At Synopsys we have built the simulator software Sentaurus Device (see "Simulation software") to explore a physical mechanism that is referred to as either current collapse or dispersion, and is defined as the drain current (ID) degradation under operational or stress conditions. This mechanism limits GaN HFET reliability and is consequently inhibiting device commercialization. However, its origin is still under debate despite the various models that have been proposed, such as electron trapping in the GaN buffer and AlGaN barrier layers, and at the surface (Binari et al. 2002, Vetury et al. 2001).

Our simulations can help to understand the nature of current collapse, provide a detailed insight into device operation, and point towards mitigation strategies to avoid current collapse. However, they cannot predict the formation of non-ideal device properties such as traps.
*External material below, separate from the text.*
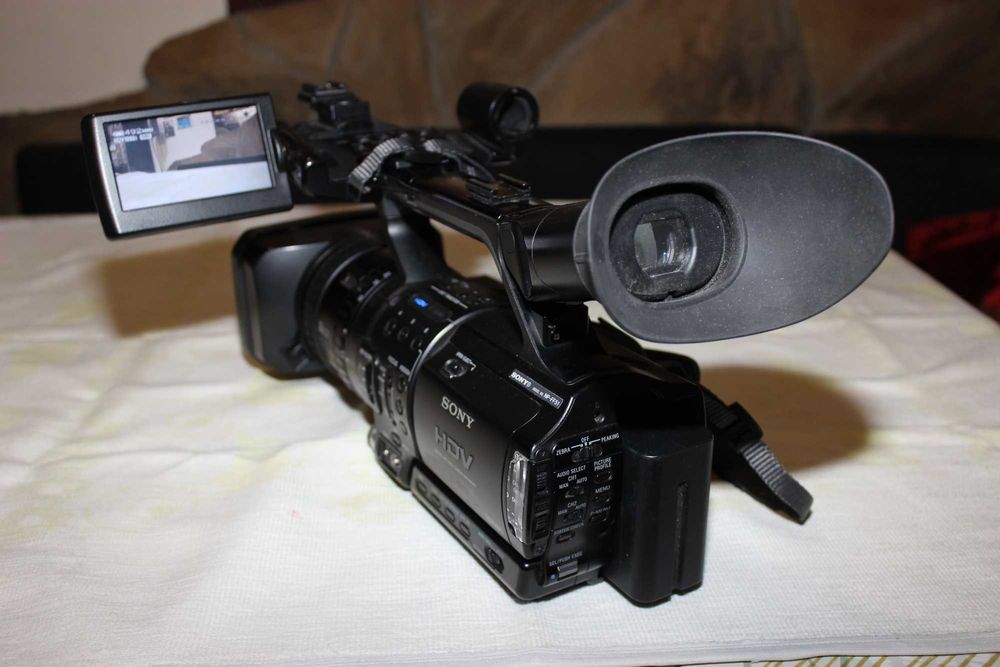 Професионална видеокамера Sony HVR-Z1E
The software has simulated a GaN HFET (see figure 1) with a room-temperature Hall mobility of 1100-1200 cm2/V-s and sheet carrier concentration of 8-9 × 1012 cm-2 (Braga et al. 2004). The calculations used values for the band structure, carrier mobility and saturation velocity of GaN, InN and AlN that are shown in table 1. Interpolation of the corresponding binary parameters provided values for AlGaN and InGaN.

To investigate trapping behavior and gain insight into the current-collapse mechanisms, we inserted a background of acceptor/electron bulk traps with a density of NT = 5 × 1017 cm-3 into our model of this particular device. Since the motivation behind this study is to obtain a qualitative insight, the traps were defined with a single energy level 1 eV above mid-band. However, our simulation software can accommodate multiple trap levels that are commonly ascribed to GaN epitaxial material (see Binari et al. 2002) in either the bulk or at the surface.

Using these conditions we could match our simulations of direct-current (DC) I-V characteristics with measured data if we used an interface charge of 1.15 × 1013 cm-2 and an electron saturation velocity that is 40% of the theoretical bulk value. The value used for the interface charge, which equates to a partially relaxed AlGaN layer, is lower than that associated with theoretically-ideal strain conditions, which would have a value of 1.5-1.7 × 1013 cm-2. However, this value is consistent with observations from several experimental groups who have seen a reduction of the piezoelectric component. A reduction in saturation velocity has already been proposed, due to modified scattering of the two-dimensional electron gas (2DEG) at the heterointerface.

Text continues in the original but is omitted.